Dear Annie: My best friend is hosting a second baby shower for her daughter. They are doing this remotely since she lives in another state. The invitations that were sent gave a specific date your gift had to be delivered to the new mother by. The daughter has been posting on social media about what is needed for the new baby, yet she has a registry at several places. She already has a child, 3, and has gotten all that was needed at her first shower. My financial situation has changed, and I’m not able to contribute to this, not that I want to after I contributed to the first. I just found it rude to ask people yet again to provide for your second child. – Just Frustrated
Dear Frustrated: Celebrations for a second or third child aren’t uncommon, though it’s popular to opt for a “sprinkle,” or a less elaborate event than when one welcomed their first child. This family might really need a handful of new items for their second baby, but it would be unreasonable for them to expect their guests to restock them entirely.
Dear Annie: I love my job, yet recently, a member of my office decided on their own that they wanted to purchase an office support pet, despite not needing any additional support in an already sound and safe office environment.
This individual, with their own money, went out and bought a hamster. This person takes care of it, and while the hamster bothers me, some people seem to enjoy this creature’s company.
I do not! I despise rodents of any variety. Every day I am at my wits’ end thinking that this thing might potentially get loose. Its presence has upset the entire workday for me. I fully understand the concept behind support animals, but isn’t this counterproductive when what it actually brings is a sense of fear to those who feel threatened by its mere existence?
I know there are other members of the staff who share my feelings but are just as fearful as I am to mention anything for fear of ruining the dynamic of our workplace.
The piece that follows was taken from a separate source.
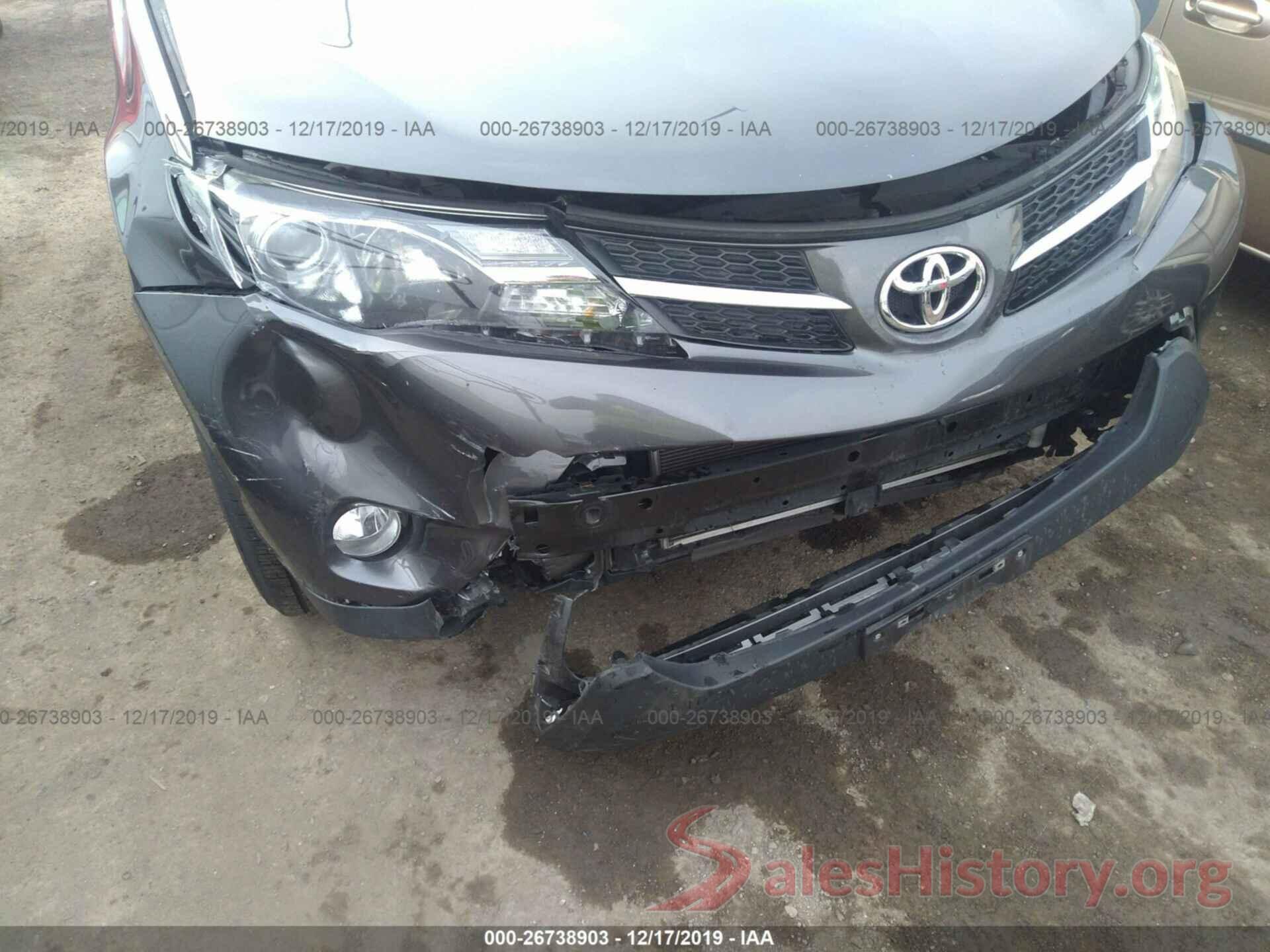 2T3RFREV2FW393650 2015 Toyota RAV4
Please advise. – Hamster Hater
Dear Hater: If your colleague insists on bringing her hamster to the workplace, then they have to follow some ground rules. It should go without saying that the hamster must be in its cage at all times. If it’s making noise, it must go in a separate room from where people are working. Hopefully, you can land on a compromise that works for everyone. If you are still disturbed by the hamster, then you should go to HR or, along with your colleagues who feel the same way, politely ask your co-worker to keep the hamster at home.